From the 5th paragraph of the article, Americans are complaining:
> Since then, multiple countries have warned that user data may not be properly protected, and in February a US cybersecurity company alleged potential data sharing between DeepSeek and ByteDance.
Bruhh, your iphone and android will literally “share” what you are saying even in private with anyone they can find for advertising… so this should not be surprising
... in the same way a lot of website in this world 'shared user data' with Google.
Through Google Analytics.
Yeah, believe it or not. ByteDance has a cloud offering. And it includes a frontend APM product. And DeepSeek used that. How surprising! A Chinese company used a Chinese cloud.
Oh, and chat.deepseek.com resolve to a Huawei Cloud IP address in China. It resolves to Cloudflare outside of mainland China, but who knows, maybe they just decided to wrap with another CDN and their servers are still on Huawei Cloud. So they sent data to Huawei, too. I repeat, H-U-A-W-E-I. That cursed telecom equipment company in the States.
Some missing context is that the data is shared via the DeepSeek app's use of ByteDance analytics/configuration frameworks. So not a backroom deal where DeekSeek handed over the chat history for its user base, but rather ongoing analytics data being sent from the DeepSeek mobile app.
Here's the SecurityScoreCard article that brought attention to this: https://securityscorecard.com/blog/a-deep-peek-at-deepseek/#...
Besides the usual analytics data (device metadata, user behavior, app performance, errors, etc), it's possible raw chat data is being shared as well, but it's not a smoking gun.
We analyzed the iOS app[1] and observed similar traffic as well as a number of basic security issues (hardcoded encryption keys, use of 3DES and some traffic over HTTP).

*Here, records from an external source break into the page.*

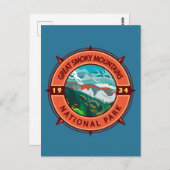 Great Smoky Mountains National Park Retro Kompass Postkarte (Vorne/Hinten)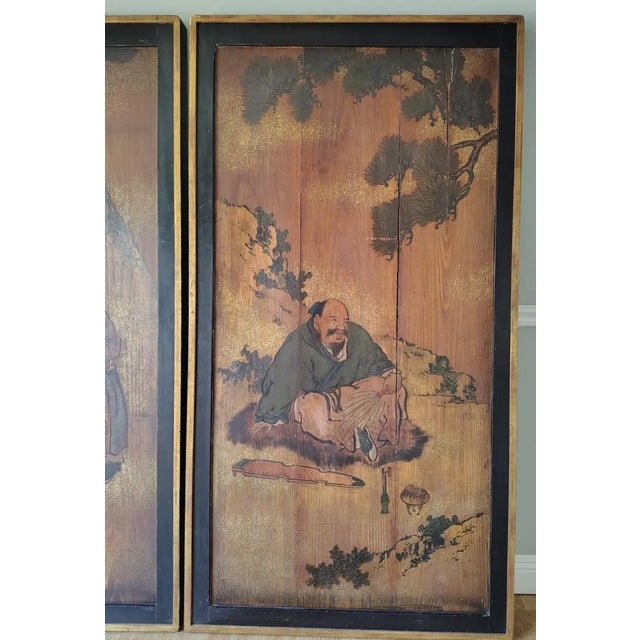 Wood A Set of Extra Large Antique Chinese Painting on Wood Panels For Sale - Image 7 of 16
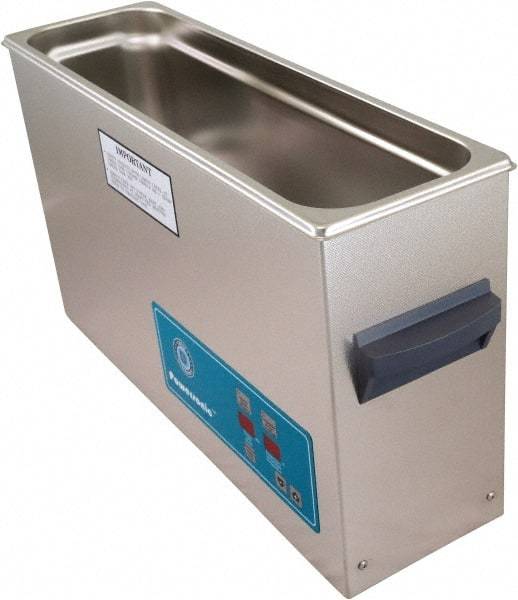 CREST ULTRASONIC - Bench Top Water-Based Ultrasonic Cleaner - 2.5 Gal Max Operating Capacity, Stainless Steel Tank, 10-5/8" High x 20-1/4" Long x 6" Wide, 115 Input Volts - Benchmark Tooling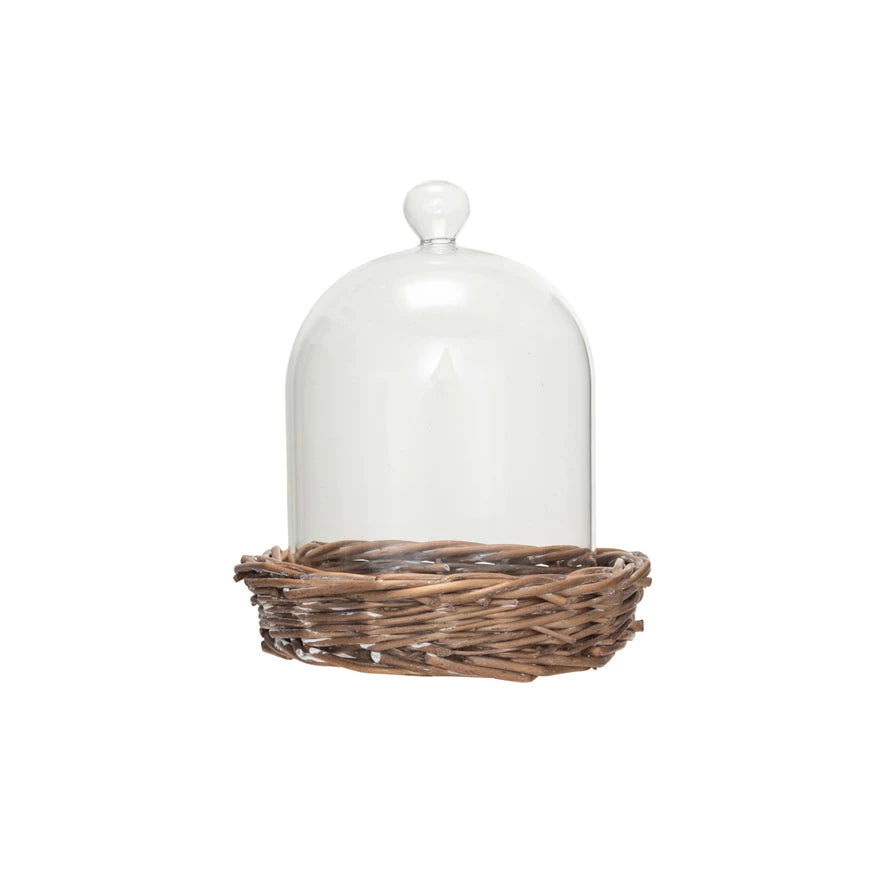 Decorative Glass Cloche w/ Woven Willow Base-thumbmail-1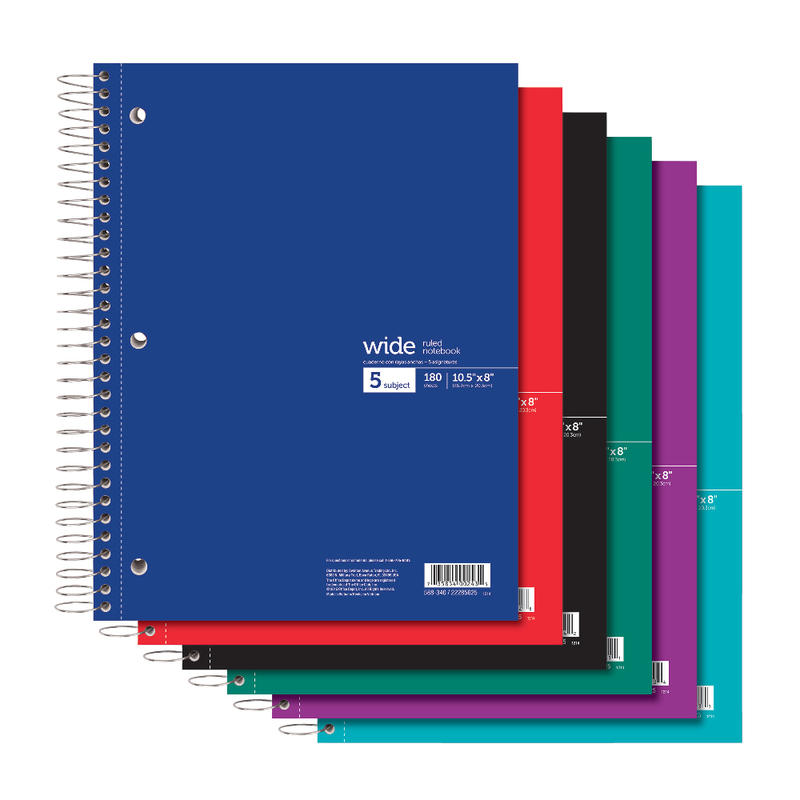 Office Depot Brand Wirebound Notebook,  8in x 10-1/2in, 5 Subjects, Wide Ruled, 180 Sheets, Assorted Colors (No Color Choice) (Min Order Qty 26) MPN:99565OD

[1] https://www.nowsecure.com/blog/2025/02/06/nowsecure-uncovers...
Thanks for writing this article! I quite enjoyed it.
question: does the DeepSeek's app use of hardcoded encryption keys rise beyond just their attempt to obfuscate and protect their app's private API endpoints? I believe this an attempt to make abusing their mobile app's private web APIs more difficult since even with cert-pinning disabled and HTTPS MITM'd you still can't observe the real traffic and replicate their requests.
If all its doing is obfuscation though, then I don't understand why pointing out that the keys are hardcoded is meaningful. It certainly doesn't engender trust. But if the app's binary is ultimately decoding some encrypted data, it needs the key, meaning it's ultimately available to the reverse engineer. Whether it's hardcoded or not doesn't matter.
It's a bad look, but if the app used the latest tech and assigned each client its own symmetric encryption key for a session, wouldn't you still be able to access the same data? What would be meaningfully different from a security perspective if they had done this obfuscation better?
I thought Apple disallowed apps using HTTP years ago?
Apple disallowed HTTP by default, you can flip a bit in the config to allowlist some/all endpoints to HTTP. Not clear what the App Store actually does when reviewing this info when you submit.
Despite their goal of enforcing in 2017, it is still not a hard requirement. Back then, about 80% of the apps we tested disabled ATS either partially or fully [1]. It’s rare to see Apple walk something back [2], but here is a blog at the time that talked about it [3].
[1] https://www.nowsecure.com/blog/2017/12/29/enable-ios-app-tra...
[2] https://developer.apple.com/news/?id=12212016b
[3] https://www.klundberg.com/blog/app-transport-security-delay/
Before you submit, not when or after
So Deepkseek is not sharing more data than most advertising-funded apps in the world?
Only if they were breaking the law too.
Interesting, but I don't think those details will be ameliorative to the people who are concerned (e.g. U.S. Congress).
In fact, I wonder if it may further underscore their concerns, given that it surfaces the interconnectedness between all of these firms.
Would you say that US-based apps that use e.g. Google Analytics, and therefore share information with Google, "surface the interconnectedness between all of these firms" and are a good reason to e.g. ban apps from US-based developers?
Not the op, but yes, I would; this is why I approve of GDPR and the cookie popup rules and am actively angry at every company who think it's legit to share browsing habbits with more "trusted partner" companies than there were students in my secondary school.
My comment starts with the reality that some people (e.g. U.S. Congress) find cause for concern WRT Chinese apps.
This is the reason, say, revelations about interconnectedness matter when it comes to Chinese apps versus U.S. apps.
You may disagree about whether there should be cause for concern, but that's another matter.
But, if you're asking me if I personally think there's cause for concern around allowing a foreign adversary access to your citizenry via social media platforms, then the answer is yes.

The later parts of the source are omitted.